Despite this, All the King’s Men is quite good. For one, I give it points for being unashamed of its intelligence. It’s an adaptation of Robert Penn Warren’s Pulitzer Prize-winning novel after all. It could have cut all Warren’s discussions about virtue and truth, and the extent to which both must be pulled from the mire of evil and ignorance (otherwise known as “the shit”) but it didn’t. Furthermore, the film is almost universally well acted. Anthony Hopkins, in particular, is excellent as Judge Montague Irwin, the man who raised journalist-cum-political advisor Jack Burden from an early age.

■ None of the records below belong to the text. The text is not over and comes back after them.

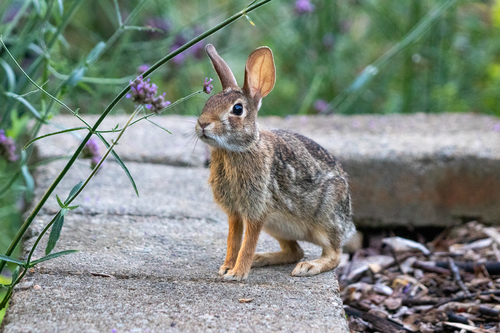 Eastern Cottontail photographed in Georgia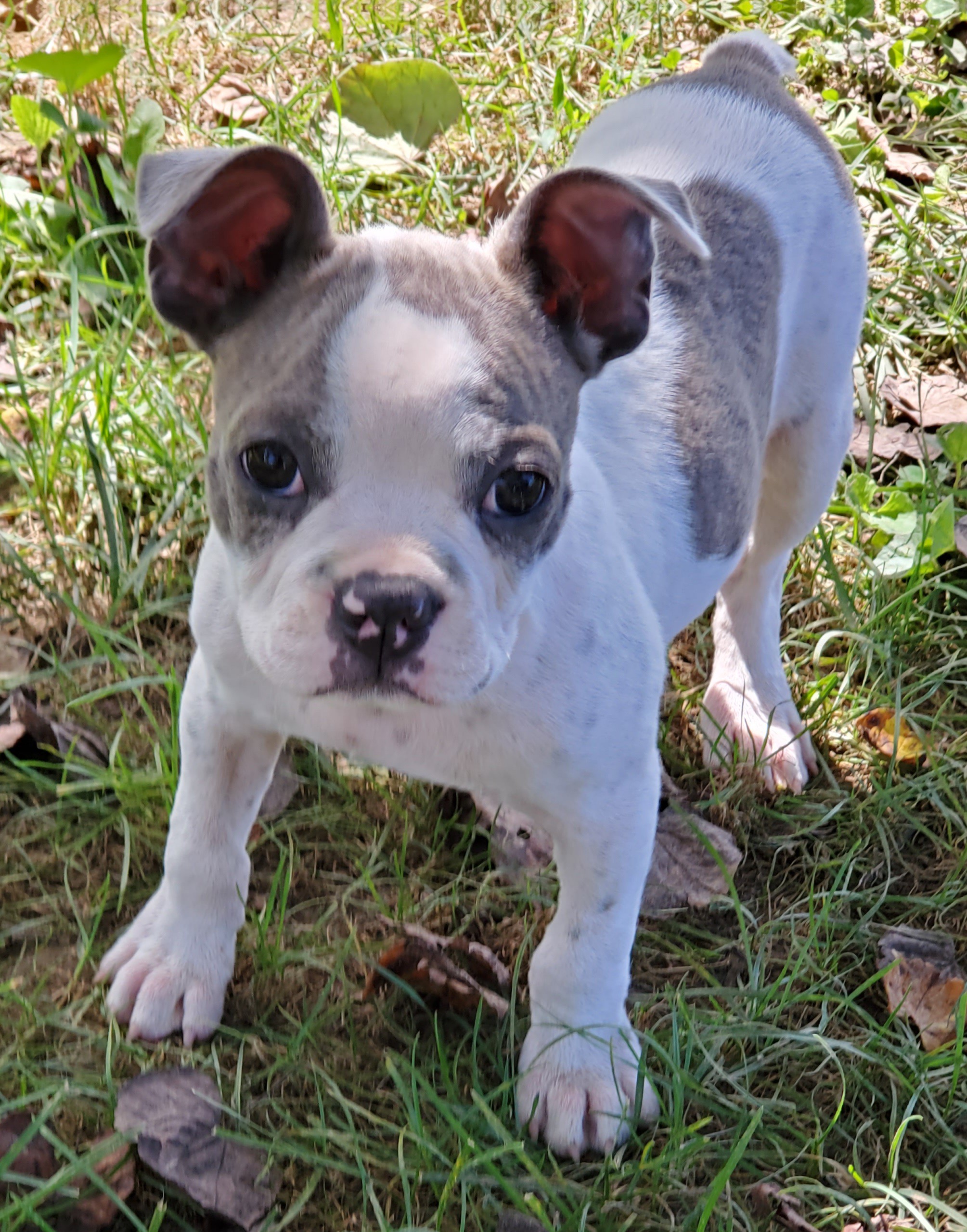 Adopt Levi a White with Gray or Silver Boston Terrier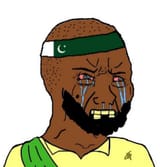 average pol user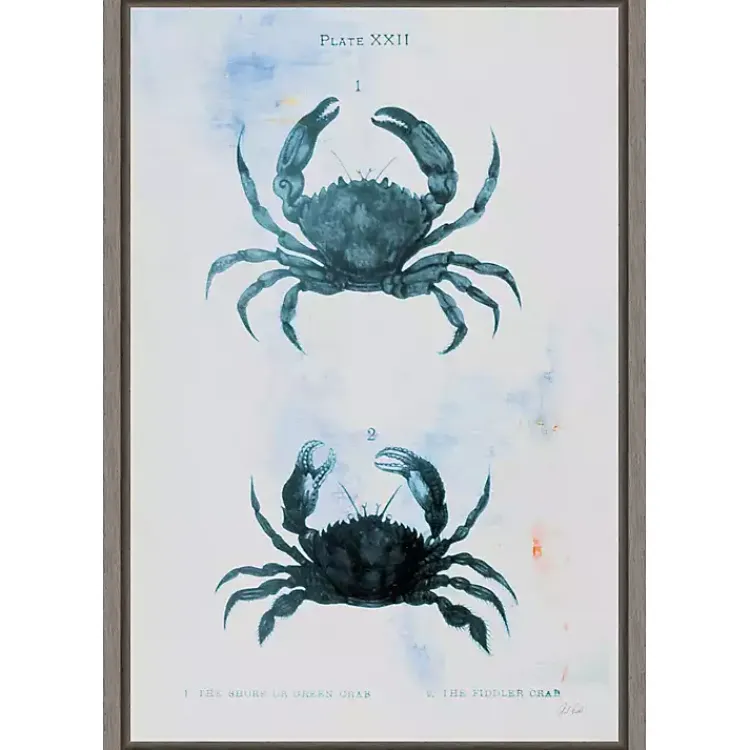 Canvas Art-Kirklands Home Blue Bay Crabs Framed Canvas Art Print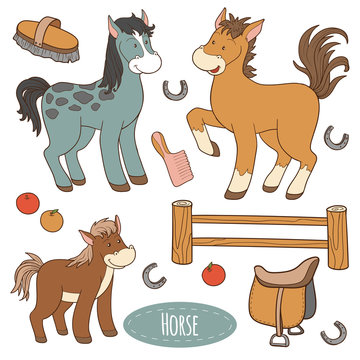 Set Of Cute Farm Animals And Objects, Vector Family Horse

Where the film stumbles a bit is in its depiction of Louisiana populist Willy Stark. I don’t mean to say that Sean Penn doesn’t give a spellbinding performance. He does. I just think it’s the wrong performance. When Stark makes the transformation from dumb, do-gooder yokel to empowered political force, he should retain a degree of his original likeability. If not, it seems strange that so many, Jack Burden (Jude Law) included, would gravitate to him. In Penn’s hands, though, Stark breathes fire and foams at the mouth. It doesn’t help that, wherever possible, Zaillian throws in gothic, quasi-Tim Burton visual touches, all of which suggest that Stark is a more handsome version of Danny De Vito’s Penguin. Stark eventually ends up as corrupt as those he began the film attacking, but this encroaching evil is too obviously telegraphed.

As a result, Zaillian fails to get across the real struggle taking going on within Burden: the blue-blood’s simultaneous desire to annihilate and cherish the privileged class from which he sprang. With Jack’s psychology left murky and Stark portrayed as a rabid nutcase, All the King’s Men becomes more an assemblage of interesting scenes than a brilliant film.